[INPUT RECORDS]
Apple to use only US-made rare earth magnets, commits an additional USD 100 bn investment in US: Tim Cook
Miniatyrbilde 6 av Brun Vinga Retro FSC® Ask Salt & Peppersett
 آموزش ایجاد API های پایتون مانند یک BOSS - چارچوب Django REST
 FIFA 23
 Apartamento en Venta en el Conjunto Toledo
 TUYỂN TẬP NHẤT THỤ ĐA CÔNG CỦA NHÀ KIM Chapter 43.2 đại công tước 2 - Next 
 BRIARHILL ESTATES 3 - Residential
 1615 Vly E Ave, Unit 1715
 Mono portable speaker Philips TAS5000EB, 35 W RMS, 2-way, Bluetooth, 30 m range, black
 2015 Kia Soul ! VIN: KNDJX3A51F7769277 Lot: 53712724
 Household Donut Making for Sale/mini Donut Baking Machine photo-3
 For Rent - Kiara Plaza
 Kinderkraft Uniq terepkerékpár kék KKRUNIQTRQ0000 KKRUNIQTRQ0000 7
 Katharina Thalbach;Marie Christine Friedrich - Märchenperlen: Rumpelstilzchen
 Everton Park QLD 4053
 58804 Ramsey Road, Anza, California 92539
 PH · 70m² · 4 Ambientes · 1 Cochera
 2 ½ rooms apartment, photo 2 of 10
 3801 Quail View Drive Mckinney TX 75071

[WORK ORDER] Starting with the line that contains "Kinderkraft Uniq terepkerékpár", print each line through the last one in the listing. Include both end lines and add nothing.

[RESULT BELOW]
 Kinderkraft Uniq terepkerékpár kék KKRUNIQTRQ0000 KKRUNIQTRQ0000 7
 Katharina Thalbach;Marie Christine Friedrich - Märchenperlen: Rumpelstilzchen
 Everton Park QLD 4053
 58804 Ramsey Road, Anza, California 92539
 PH · 70m² · 4 Ambientes · 1 Cochera
 2 ½ rooms apartment, photo 2 of 10
 3801 Quail View Drive Mckinney TX 75071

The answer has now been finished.